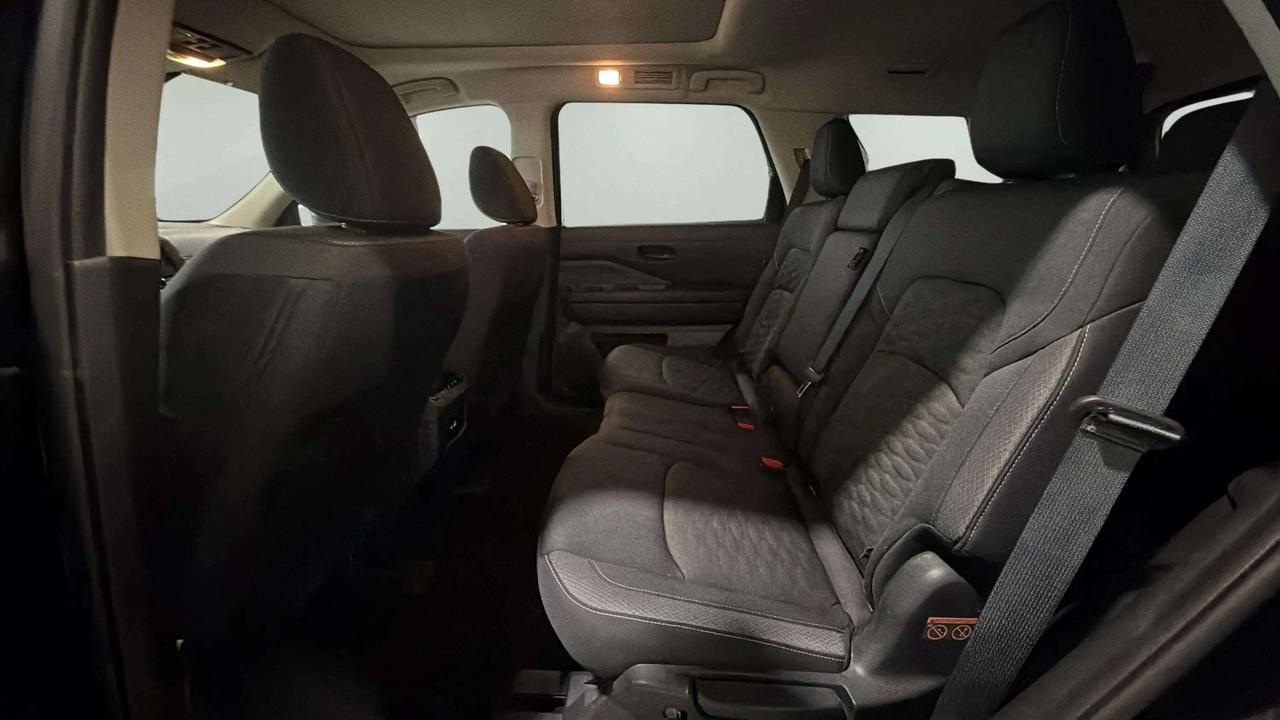 2024 Nissan Pathfinder SV | CLEAN CARFAX | AWD |  1 OWNER | PRO PILOT Photo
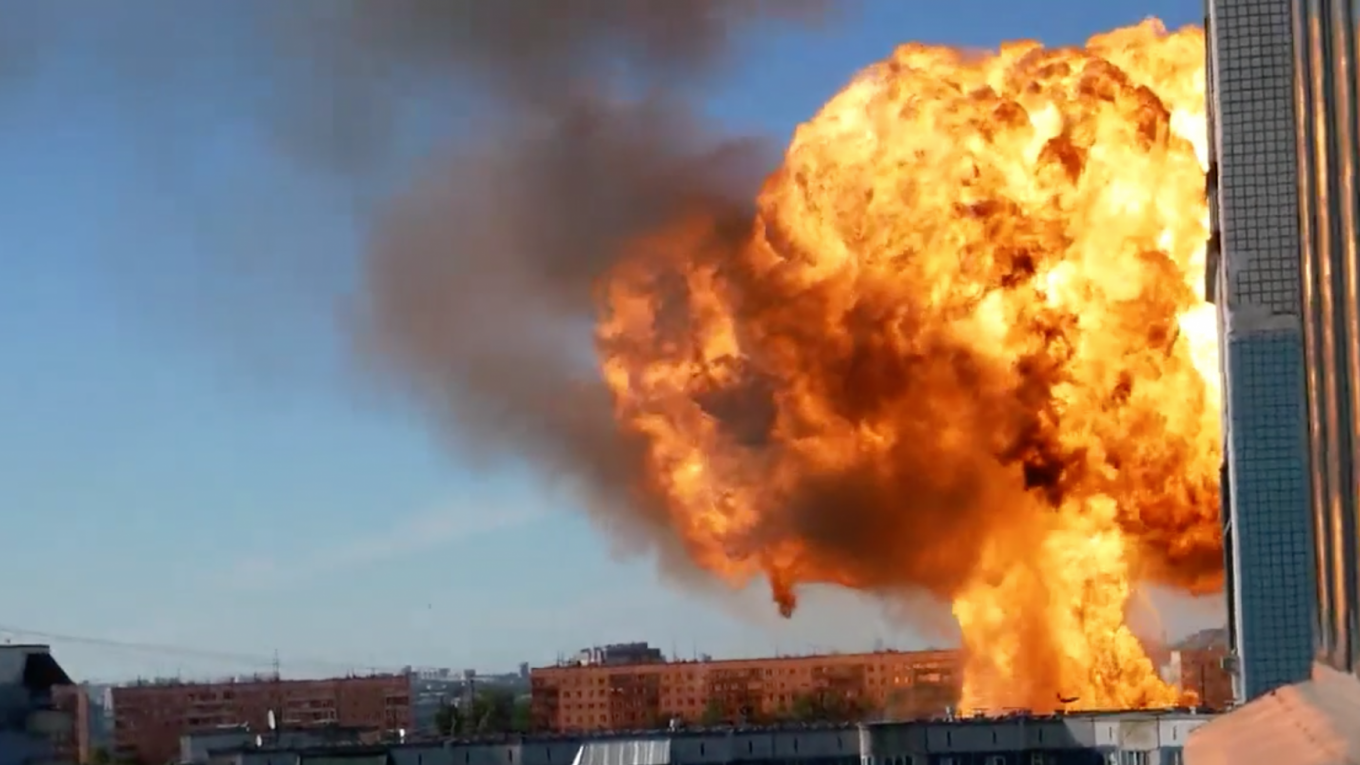 Explozie puternică la o benzinărie din Rusia (VIDEO)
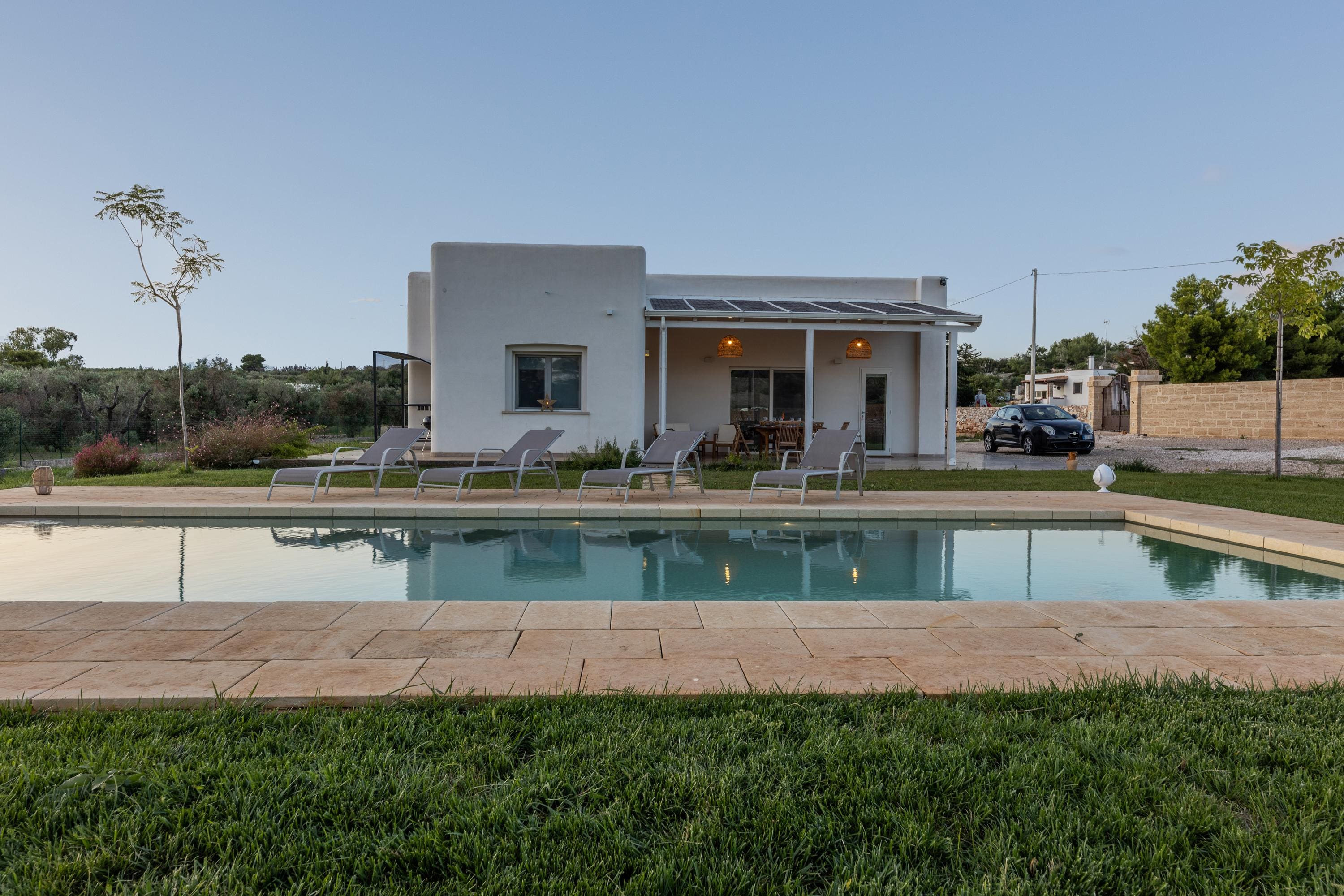 Trullo Sirocco Apulia: Luxury 2-Bedroom Apartment with Seaview, Puglia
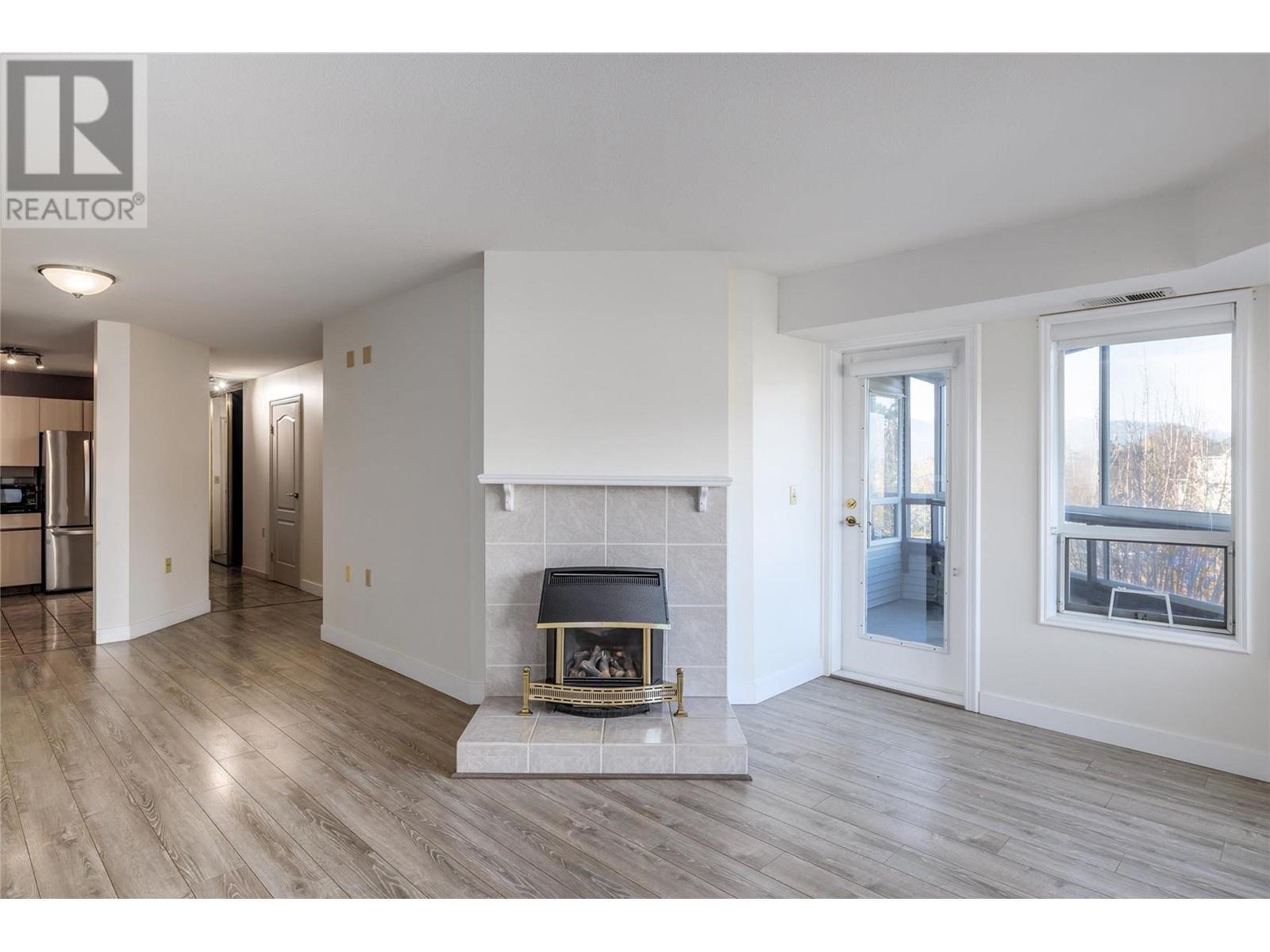 3157 Casorso Road Unit# 317, #317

Work instructions
Apart from its pictures, the material above should be repeated exactly.

Answer to this task
 2024 Nissan Pathfinder SV | CLEAN CARFAX | AWD |  1 OWNER | PRO PILOT Photo
 Explozie puternică la o benzinărie din Rusia (VIDEO)
 Trullo Sirocco Apulia: Luxury 2-Bedroom Apartment with Seaview, Puglia
 3157 Casorso Road Unit# 317, #317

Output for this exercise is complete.